Available data:
•••••

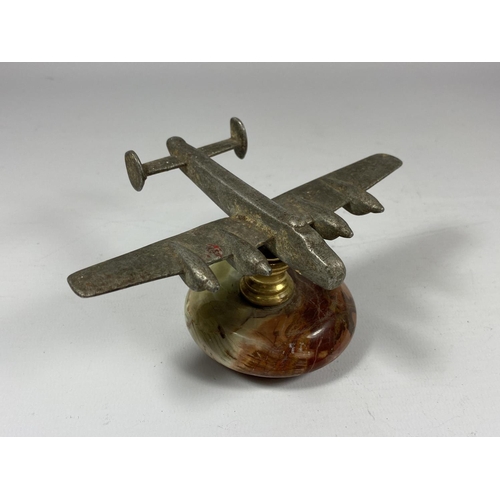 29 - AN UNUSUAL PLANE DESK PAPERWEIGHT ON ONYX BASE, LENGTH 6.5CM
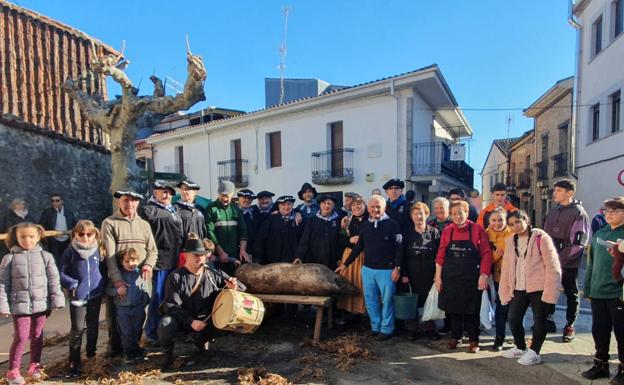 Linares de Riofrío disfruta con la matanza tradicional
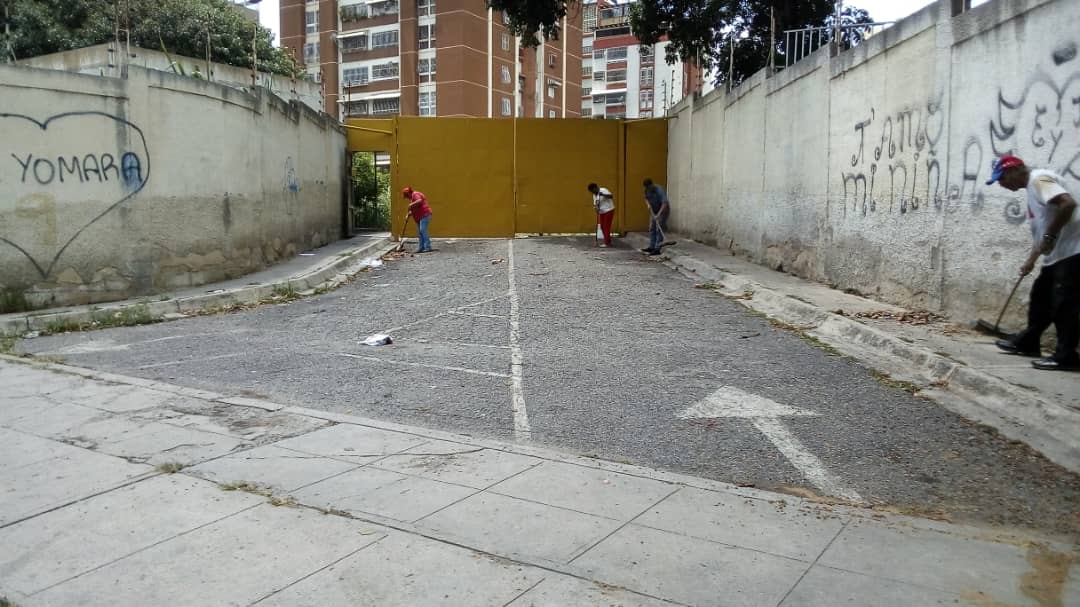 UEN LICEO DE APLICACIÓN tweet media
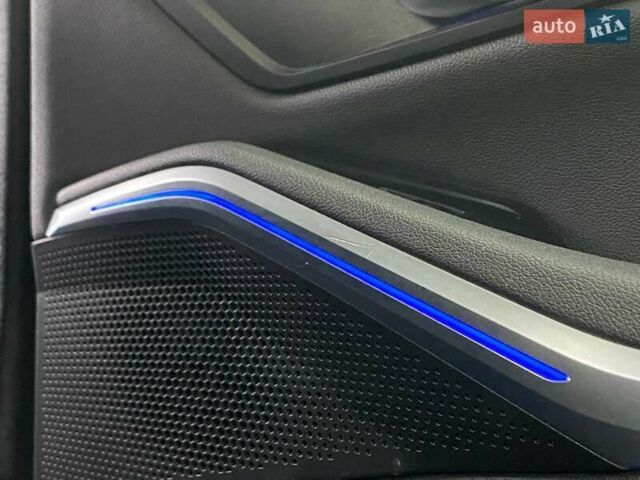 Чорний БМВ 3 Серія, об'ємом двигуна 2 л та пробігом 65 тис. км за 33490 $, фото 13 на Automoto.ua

•••••

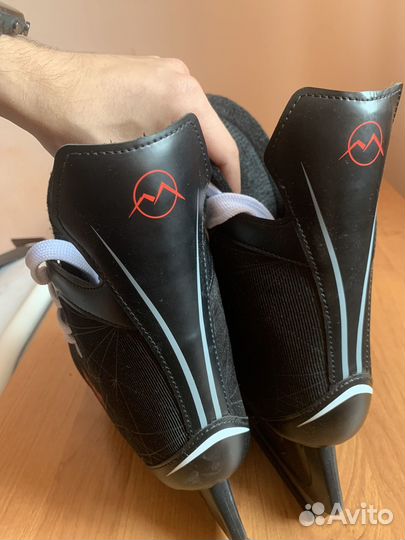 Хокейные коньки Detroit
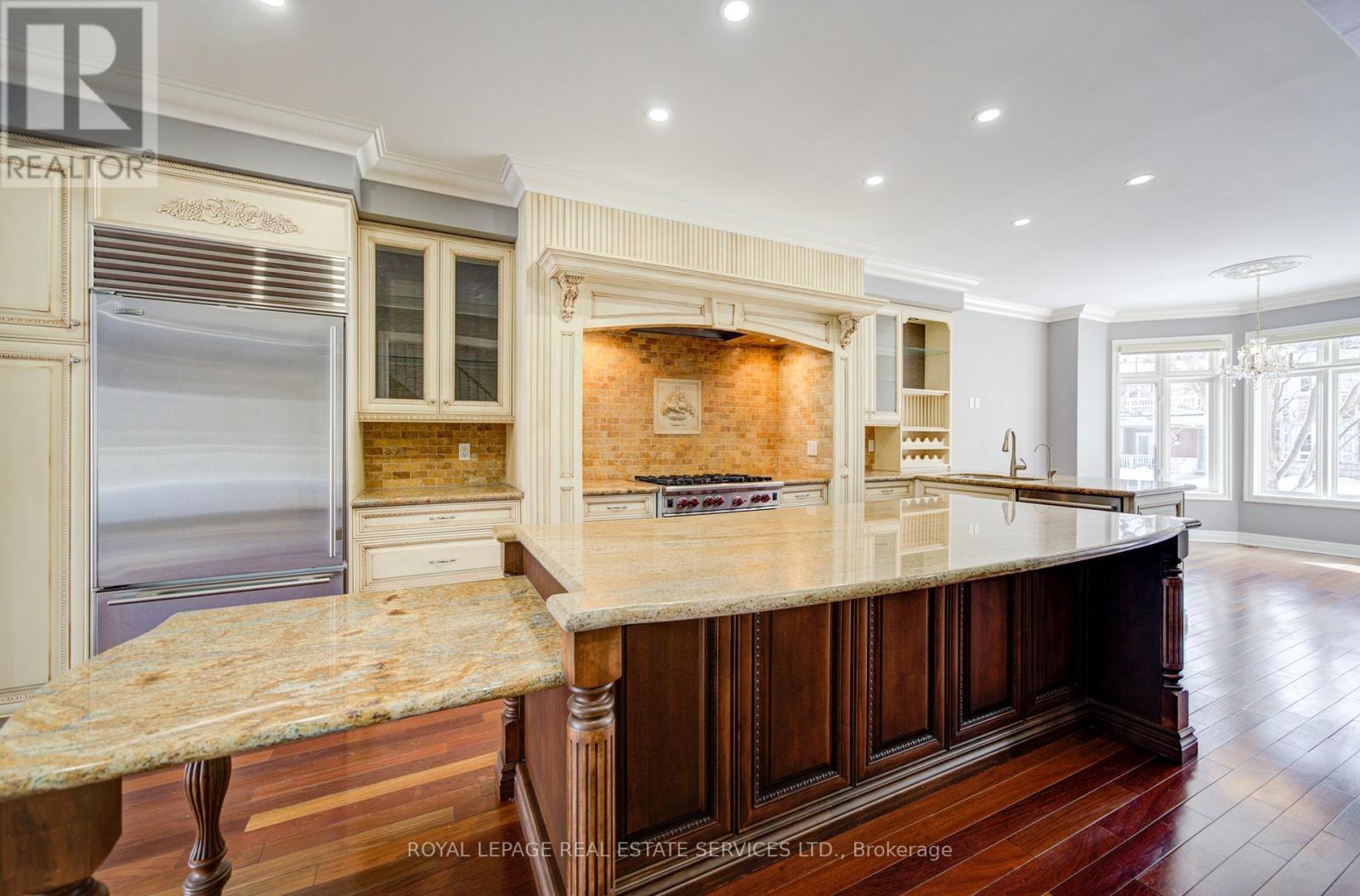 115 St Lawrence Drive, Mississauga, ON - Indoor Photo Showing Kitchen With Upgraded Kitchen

•••••

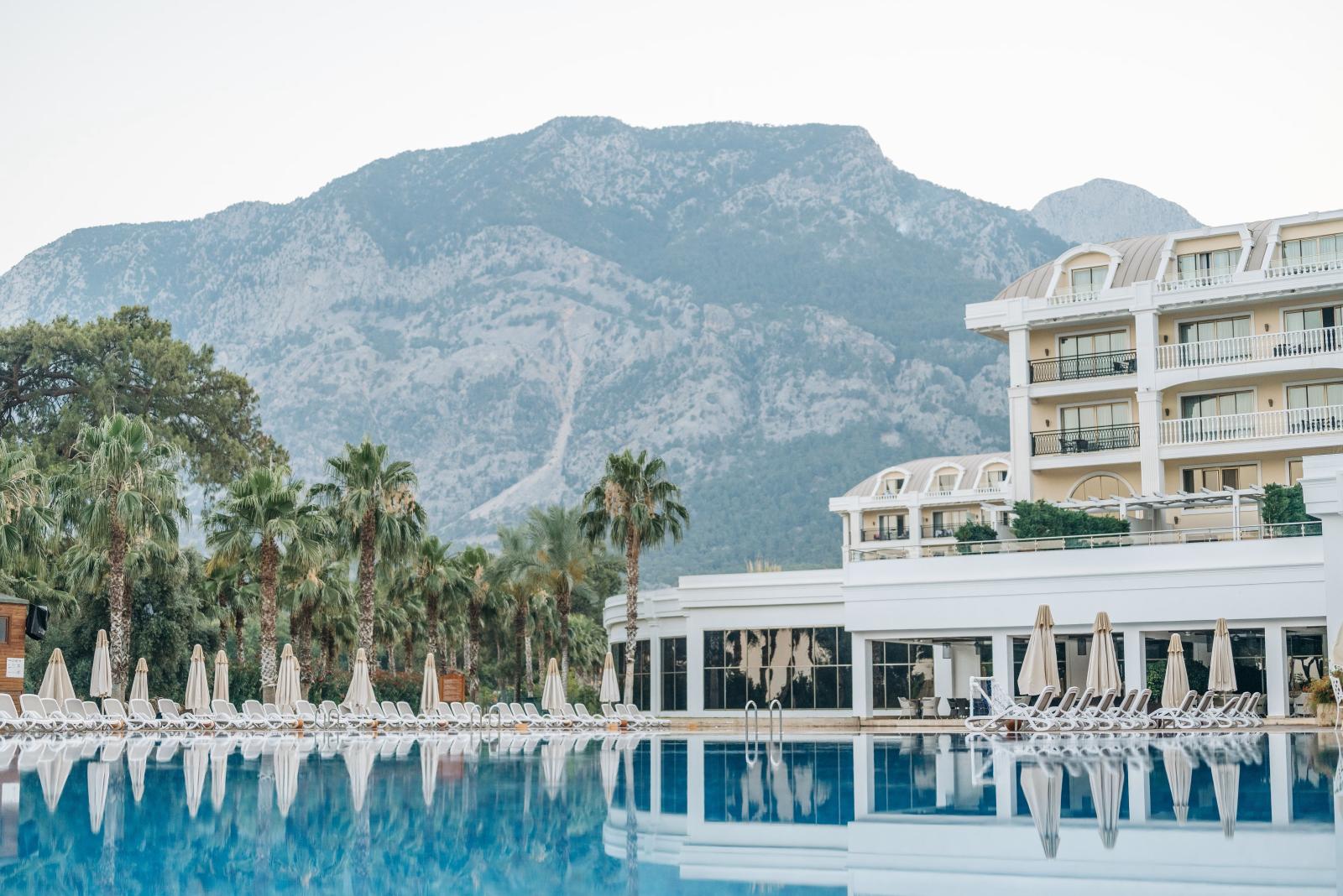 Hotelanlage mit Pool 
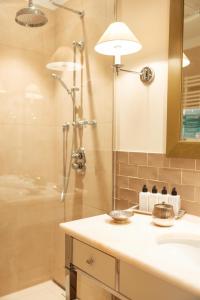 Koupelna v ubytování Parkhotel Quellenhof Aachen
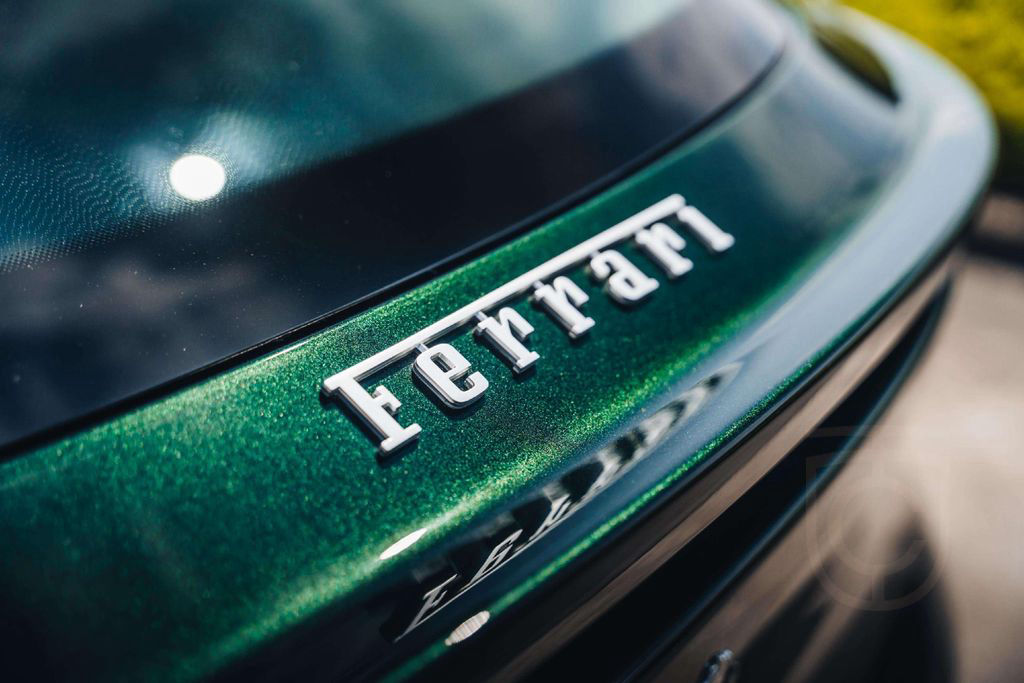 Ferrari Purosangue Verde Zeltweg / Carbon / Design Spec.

•••••

Exercise instructions: Among the entries above, find the line with "29 - AN UNUSUAL" and repeat exactly from there through the line with "Чорний БМВ 3", leaving out the pictures.

Exercise response:
 29 - AN UNUSUAL PLANE DESK PAPERWEIGHT ON ONYX BASE, LENGTH 6.5CM
 Linares de Riofrío disfruta con la matanza tradicional
 UEN LICEO DE APLICACIÓN tweet media
 Чорний БМВ 3 Серія, об'ємом двигуна 2 л та пробігом 65 тис. км за 33490 $, фото 13 на Automoto.ua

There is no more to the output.